Post by naveendk.55 »

[text]I am trying to access a value (number called userid) from database and display it in Textbox. This user ID should be depending on the name that customer select from a drop down box above the UserId textbox. The NAME that customer select is also from database.

Any one help me to write the WHERE statement and put that in textbox.
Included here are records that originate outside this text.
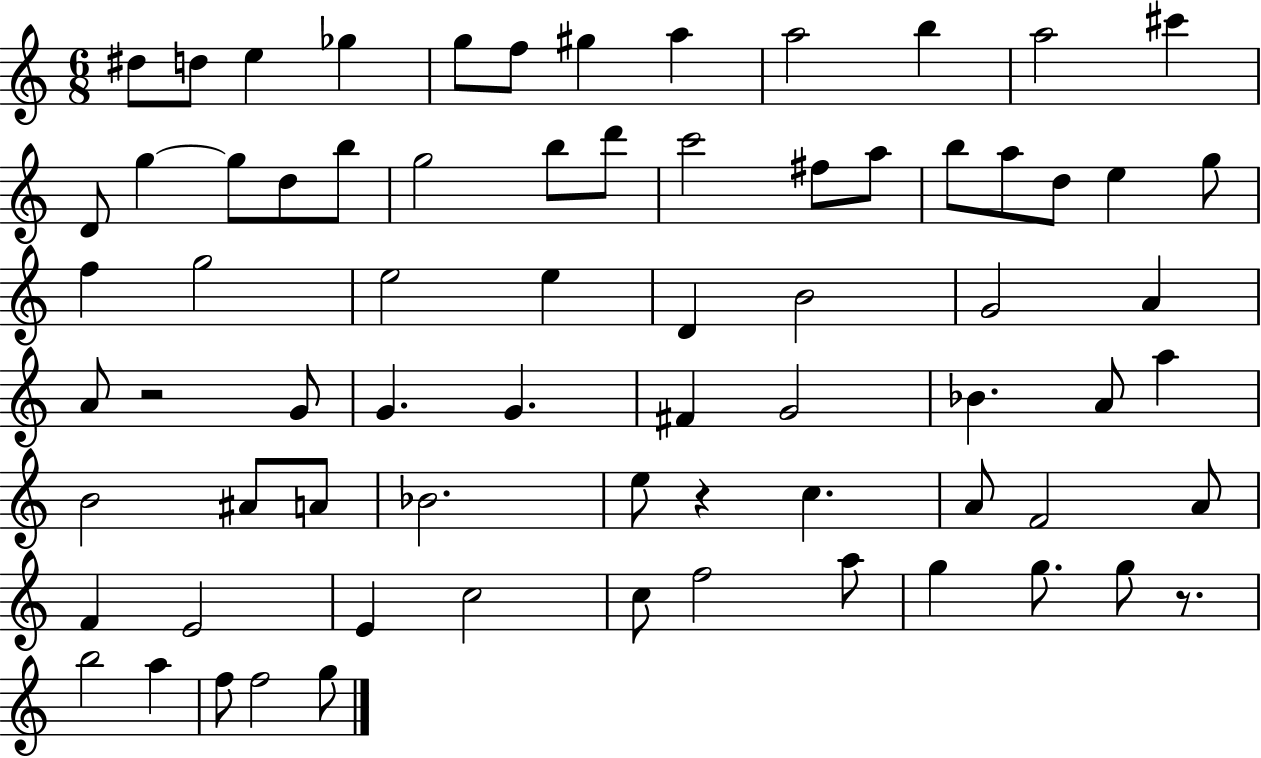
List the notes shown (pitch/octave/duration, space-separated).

D#5/e D5/e E5/q Gb5/q G5/e F5/e G#5/q A5/q A5/h B5/q A5/h C#6/q D4/e G5/q G5/e D5/e B5/e G5/h B5/e D6/e C6/h F#5/e A5/e B5/e A5/e D5/e E5/q G5/e F5/q G5/h E5/h E5/q D4/q B4/h G4/h A4/q A4/e R/h G4/e G4/q. G4/q. F#4/q G4/h Bb4/q. A4/e A5/q B4/h A#4/e A4/e Bb4/h. E5/e R/q C5/q. A4/e F4/h A4/e F4/q E4/h E4/q C5/h C5/e F5/h A5/e G5/q G5/e. G5/e R/e. B5/h A5/q F5/e F5/h G5/e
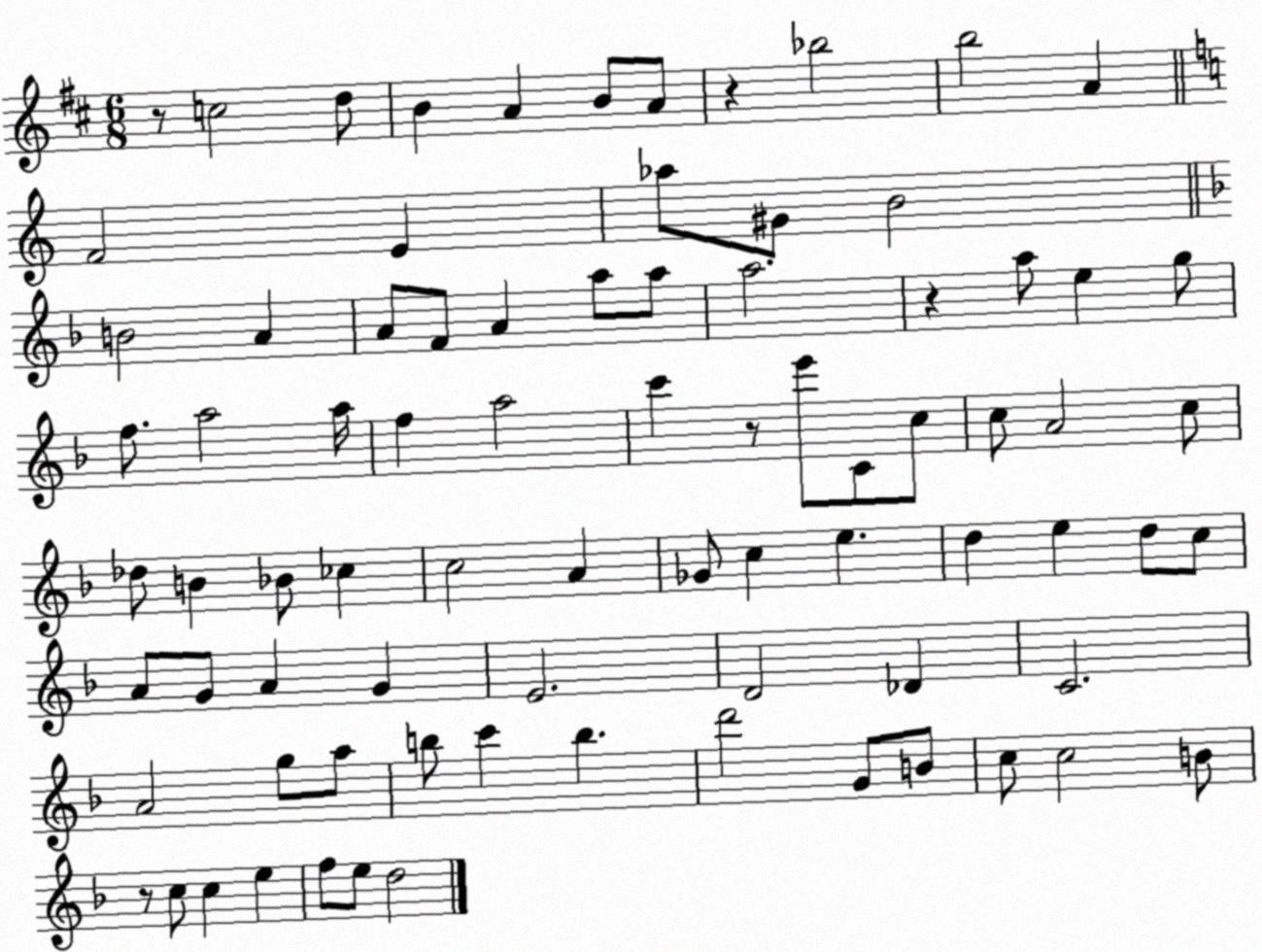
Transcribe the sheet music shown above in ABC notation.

X:1
T:Untitled
M:6/8
L:1/4
K:D
z/2 c2 d/2 B A B/2 A/2 z _b2 b2 A F2 E _a/2 ^G/2 B2 B2 A A/2 F/2 A a/2 a/2 a2 z a/2 e g/2 f/2 a2 a/4 f a2 c' z/2 e'/2 C/2 c/2 c/2 A2 c/2 _d/2 B _B/2 _c c2 A _G/2 c e d e d/2 c/2 A/2 G/2 A G E2 D2 _D C2 A2 g/2 a/2 b/2 c' b d'2 G/2 B/2 c/2 c2 B/2 z/2 c/2 c e f/2 e/2 d2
Below is the code that I tried but got stuck.
[/text]

Code: Select all


<td> Name </td> 
                    <td> <select name="aname" id="aname" style="width: 147px">
                            <?php
                            $result = mysql_query("SELECT name FROM empdata where role='user' ORDER BY name ASC");
                            while ($row = mysql_fetch_array($result)) {
                                echo "<option>" . $row['name'] . "</option>";
                            }
                            ?>
                        </select></td>
                </tr> 
<tr>
                    <td> ID </td> 
                    <td colspan='3'> <input type="text" name="id" id="id"/>
                    
                        <?php
                            $result = mysql_query("SELECT userid FROM empdata where name= ");
                            
                            ?>
                    </td>

User avatar
twinedev
Forum Regular
Posts: 984
Joined: Tue Sep 28, 2010 11:41 am
Location: Columbus, Ohio

Re: database query help

Post by twinedev »

First, you are not going to get PHP by itself (server side language) to interact with choices made on the client side. You will need to either submit the form back with the name so that it knows what userID to lookup or use javascript (client side language) to change that value when onClick() is fired on the SELECT.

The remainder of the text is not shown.